Write out exactly the lines from the one containing "nouveau magasin Daouha Ain Chock Casablanca" to the end of the material, both ends included, and nothing else. Leave pictures out.

Content starts

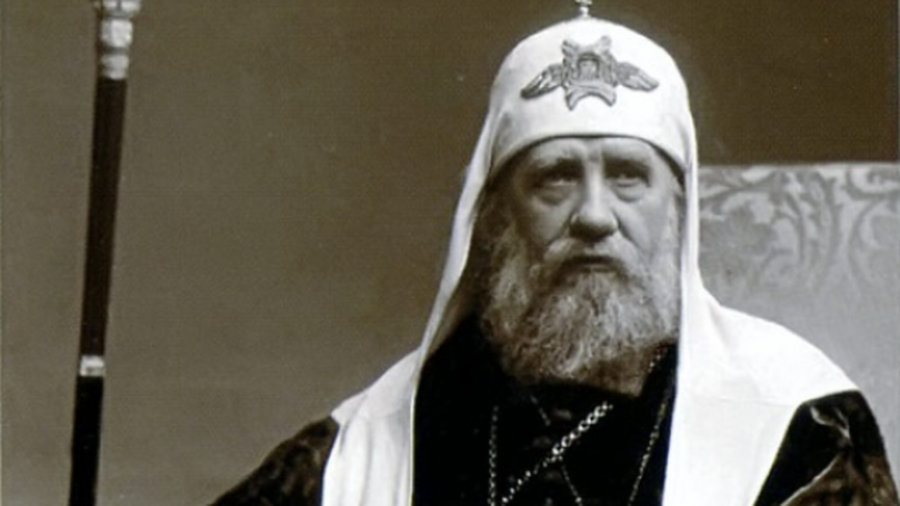 Сегодня — день памяти патриарха Тихона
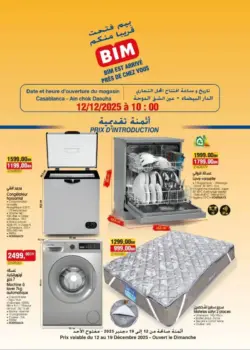 nouveau magasin Daouha Ain Chock Casablanca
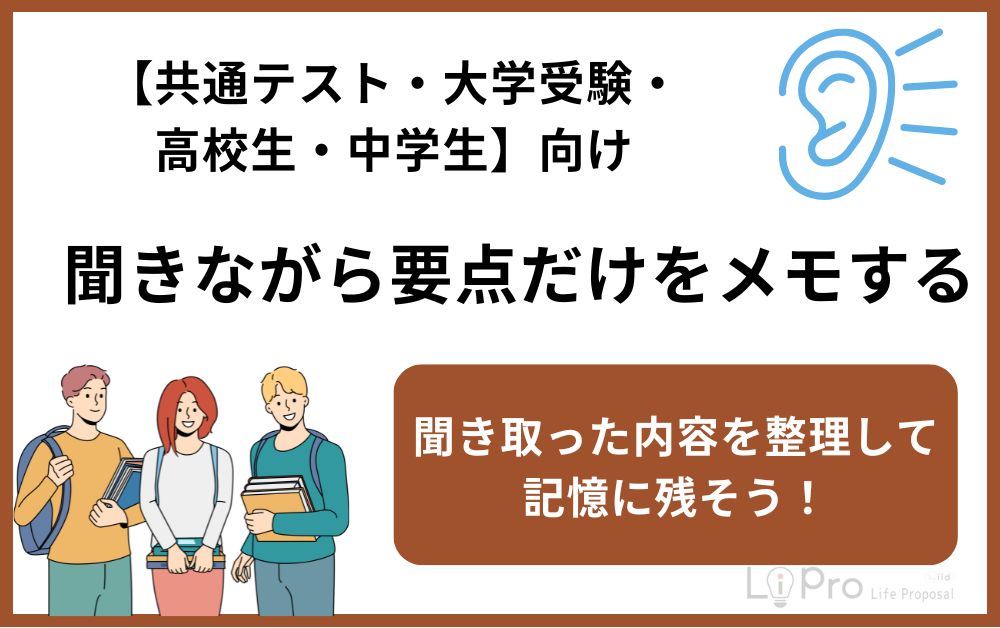1. 聞きながら要点だけをメモをする
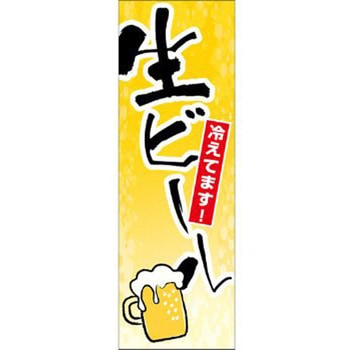 のぼり_生ビール ジャストコーポレーション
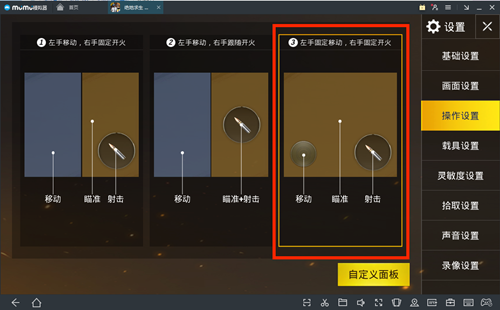 c15d2fccd0f5c3083bd77d657a64e9a0d9b823f0.png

Content ends

▸ **RESULT BELOW**
 nouveau magasin Daouha Ain Chock Casablanca
1. 聞きながら要点だけをメモをする
 のぼり_生ビール ジャストコーポレーション
 c15d2fccd0f5c3083bd77d657a64e9a0d9b823f0.png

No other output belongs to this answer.